(Chadds Ford, Pa.) — The American Battlefield Trust and North American Land Trust (NALT) have launched a fundraising campaign to protect a key portion of one of the critical battles on our journey to independence, Brinton Run Preserve on the Brandywine Battlefield. This 72-acre property will be owned and maintained by NALT, marking the first time the organization, typically focused on holding and administering conservation easements, will manage and steward a site expressly for public access.
“Much like the Battle of Bunker Hill, the fighting at Brandywine technically resulted in a loss for American forces,” said American Battlefield Trust President Jim Lighthizer. “But was more significant for what it wasn’t. This was no disorganized rout, no demoralizing defeat. At Brandywine, the Continental Army under General George Washington proved it could hold its own against British regulars in an all-day, stand up fight. And other powers in Europe took notice, helping forge the alliances that led to American independence.”
In terms of duration, land covered and troops engaged, Brandywine was the largest battle of the Revolutionary War, making it an important site to protect if future generations are to access the historic landscapes where they can best learn about this period in history. The battlefield’s location in the rapidly developing suburbs of Philadelphia make it an important and timely target for preservation. The Brandywine battlefield is rated Priority I, Class A, with a high short-term and long-term threat, according to the National Park Service’s Report to Congress on the Historic Preservation of Revolutionary War and War of 1812 Sites in the United States, the highest preservation priority ranking. This property played a role in the battle’s final phases, the stalwart American rearguard action that enabled the Continentals to safely disengage and live to fight another day.
“Even after 28 years in the land conservation business, helping safeguard more than 130,000 acres across 500 projects, it is safe to say that the acquisition of Brinton Run Preserve, named for its stream frontage and adjacency to the historic Brinton 1704 House, is exceedingly special to us at NALT,” said organization President Steve Carter. “In setting aside this beautiful, significant property just miles from our headquarters, we have the opportunity to help create a dynamic resource for our home community. Our whole organization is eager to take up the challenge of removing modern visual intrusions and creating a gem in our own backyard.”
NALT and the current Brinton Run Preserve property owner, Mrs. Frank Baldino, Jr., Ph.D., eagerly began discussions to envision a space where history and the land’s natural resources were preserved. “Steve and his team at NALT were so passionate in their proposal to conserve this land, and to share all it had to offer with its community,” said Sandra Baldino. “It is ABT and other critical funders that are helping make this opportunity available to and for the public.
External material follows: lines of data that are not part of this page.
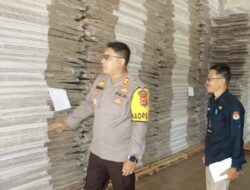 Kapolres Lamsel Pastikan Kesiapan Gudang Logistik Pemilu 2024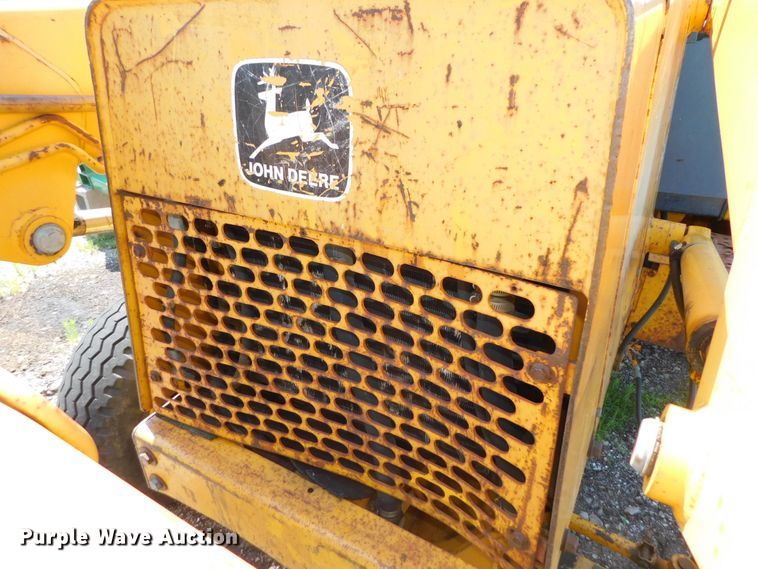 image for item DK8605 1991 John Deere 210C  landscape tractor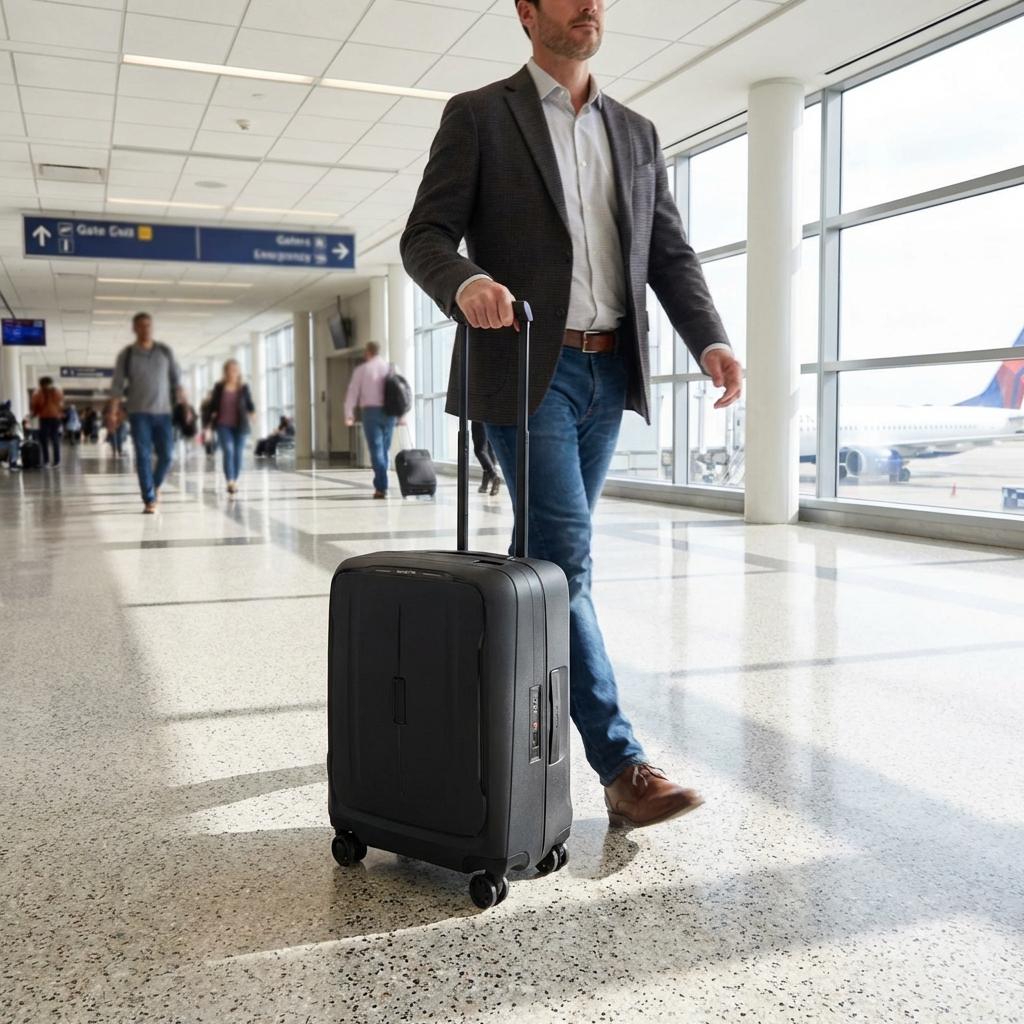 Samsonite Essens Hardside Carry-On Zipless Spinner Suitcase - 55cm - Graphite Image 13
I couldn’t be more proud to be a part of this endeavor.”
In addition to removing a modern home, NALT plans to reintroduce native plant species across the property, undertake riparian maintenance, implement a trail system and investigate opportunities for community-based land stewardship programs in partnership with The Land Conservancy for Southern Chester County and other local conservation organizations. Interpretive opportunities to help passive recreational users better understand the history of the Battle of Brandywine and its significance also abound.
Total cost for the project is approximately $3.85 million. The American Battlefield Trust has applied for a $1.8 million American Battlefield Protection Program Battlefield Land Acquisition Grant — among the largest ever sought for a Revolutionary War acquisition — toward the project, with Chadds Ford Township acting as the government sponsor. This federal grant would be matched by funding from other sources, including individual donations and a grant from Delaware County Delco Green Ways. NALT is also pursuing funding from from the Pennsylvania Department of Conservation and Natural Resources, the Pennsylvania Department of Economic Development and other private foundations. Members of the public are able to make individual contributions toward the project by visiting http://www.battlefields.org/Summerof77.
On September 11, 1777, General George Washington was determined to prevent the British from capturing the American seat of government, Philadelphia. Taking up positions along Brandywine Creek, Washington mistakenly believed that his army blocked all fords across the Brandywine. Opposing Washington was an army of 15,500 British Regulars and Hessian troops. While one detachment demonstrated against the American front at Chadds Ford, the bulk, hidden by heavy fog, crossed further upstream. When the main British force appeared undetected on the Continental right flank, Washington dispatched troops to shore up the position. Despite putting up a stiff resistance, the Continentals were eventually overrun. A stout rearguard action and organized retreat kept the defeat from turning into disaster. Although the British went on to occupy Philadelphia, the bulk of the Continental Army survived to fight another day. All told, approximately 30,000 troops were engaged in the fighting, with nearly 1,900 combined total casualties. Prior to this current effort, the American Battlefield Trust has previously protected 116 acres at the Battle of Brandywine.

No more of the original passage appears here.